Hole mobility enhancements in nanometer-scale strained-silicon heterostructures grown on Ge-rich relaxed Si1-xGex

Although strained-silicon (epsilon-Si) p-type metal-oxide-semiconductor field-effect transistors (p-MOSFETs) demonstrate enhanced hole mobility compared to bulk Si devices, the enhancement has widely been observed to degrade at large vertical effective fields. We conjecture that the hole wave function in epsilon-Si heterostructures spreads out over distances of similar to10 nm, even at large inversion densities, due to the strain-induced reduction of the out-of-plane effective mass. Relevant experimental and theoretical studies supporting this argument are presented. We further hypothesize that by growing layers thinner than the hole wave function itself, inversion carriers can be forced to occupy and hybridize the valence bands of different materials.

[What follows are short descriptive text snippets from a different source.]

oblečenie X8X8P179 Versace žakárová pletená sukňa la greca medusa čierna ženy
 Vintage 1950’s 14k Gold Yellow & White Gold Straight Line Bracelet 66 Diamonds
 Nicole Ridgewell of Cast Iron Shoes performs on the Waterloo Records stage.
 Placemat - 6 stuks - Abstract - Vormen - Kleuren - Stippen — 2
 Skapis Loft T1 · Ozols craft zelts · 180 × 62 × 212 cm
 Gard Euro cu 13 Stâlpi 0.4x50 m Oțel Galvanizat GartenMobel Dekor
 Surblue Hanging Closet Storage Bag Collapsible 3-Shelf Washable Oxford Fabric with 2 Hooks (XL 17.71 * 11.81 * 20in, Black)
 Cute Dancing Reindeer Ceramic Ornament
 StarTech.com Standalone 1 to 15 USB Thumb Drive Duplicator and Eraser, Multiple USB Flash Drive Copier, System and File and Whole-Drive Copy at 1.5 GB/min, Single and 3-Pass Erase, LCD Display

In this article, we show that p-MOSFETs with thin (i.e., <3 nm) epsilon-Si layers grown on Ge-rich Si1-xGex buffers exhibit markedly different mobility enhancements from prior epsilon-Si p-MOSFETs. Devices fabricated on a thin epsilon-Si layer grown on relaxed Si0.3Ge0.7 demonstrate hole mobility enhancements that increase with gate overdrive, peaking at a value of nearly 3 times. In other devices where the channel region consists of a periodic epsilon-Si/relaxed Si0.3Ge0.7 digital alloy, a nearly constant mobility enhancement of 2.0 was observed over inversion densities ranging from 3 to 14x10(12)/cm(2). (C) 2003 American Institute of Physics.